• **PROBLEM REQUIREMENTS**:
Extract each line of the material that follows exactly and omit its pictures.

◇ ◇ ◇

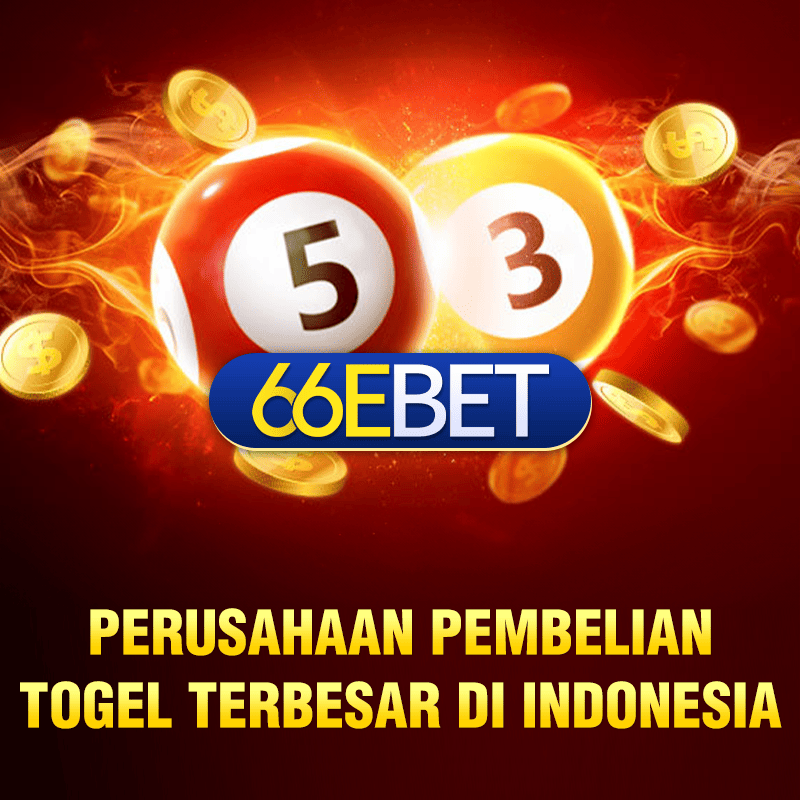 Situstogel88 : Situs Togel 4D Resmi Deposit 5000 Via Dana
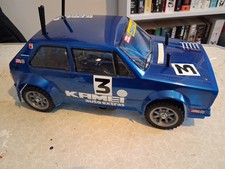 Tamiya m05 remote for sale  NEWTOWNABBEY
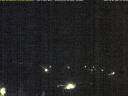 Vorschaubild von 01.10.2025 23:10
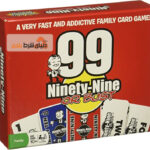 آموزش بازی ورق 99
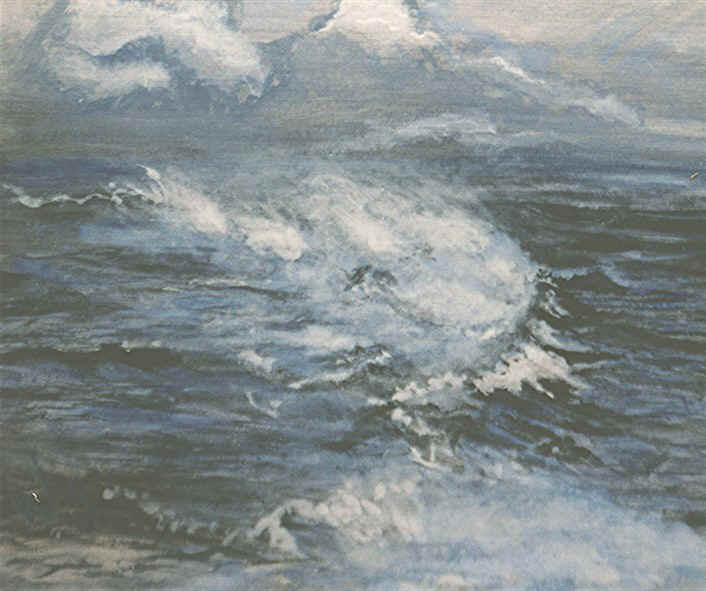 684.jpg (39567 Byte)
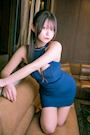 愛望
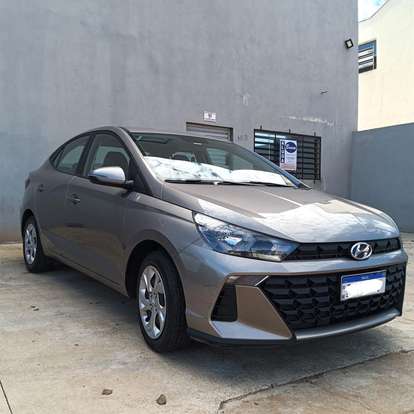 HYUNDAI-HB20S-2024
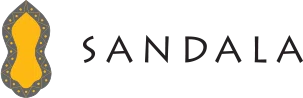 Sandala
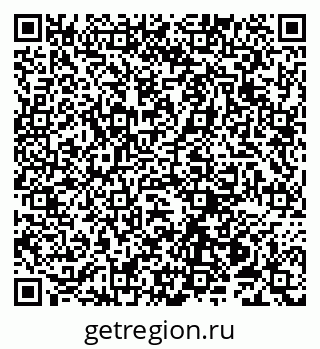 79100754742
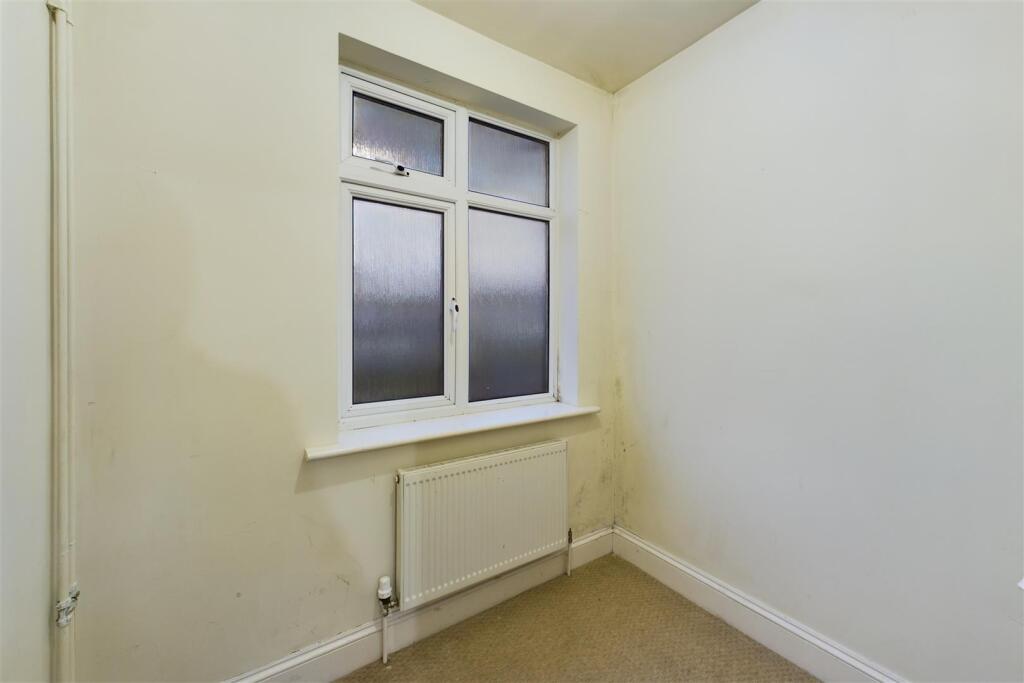 Additional image 24 of BLOCK OF FLATS | HORFIELD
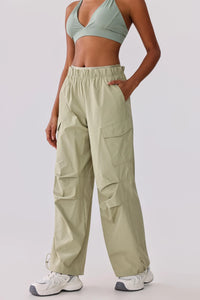 3_f72376cd-0900-4af9-810c-693379d5b0f2 - Seanclaire Athletica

◇ ◇ ◇

• **RESULT OF THE TASK**:
 Situstogel88 : Situs Togel 4D Resmi Deposit 5000 Via Dana
 Tamiya m05 remote for sale  NEWTOWNABBEY
 Vorschaubild von 01.10.2025 23:10
 آموزش بازی ورق 99
 684.jpg (39567 Byte)
 愛望
 HYUNDAI-HB20S-2024
 Sandala
 79100754742
 Additional image 24 of BLOCK OF FLATS | HORFIELD
 3_f72376cd-0900-4af9-810c-693379d5b0f2 - Seanclaire Athletica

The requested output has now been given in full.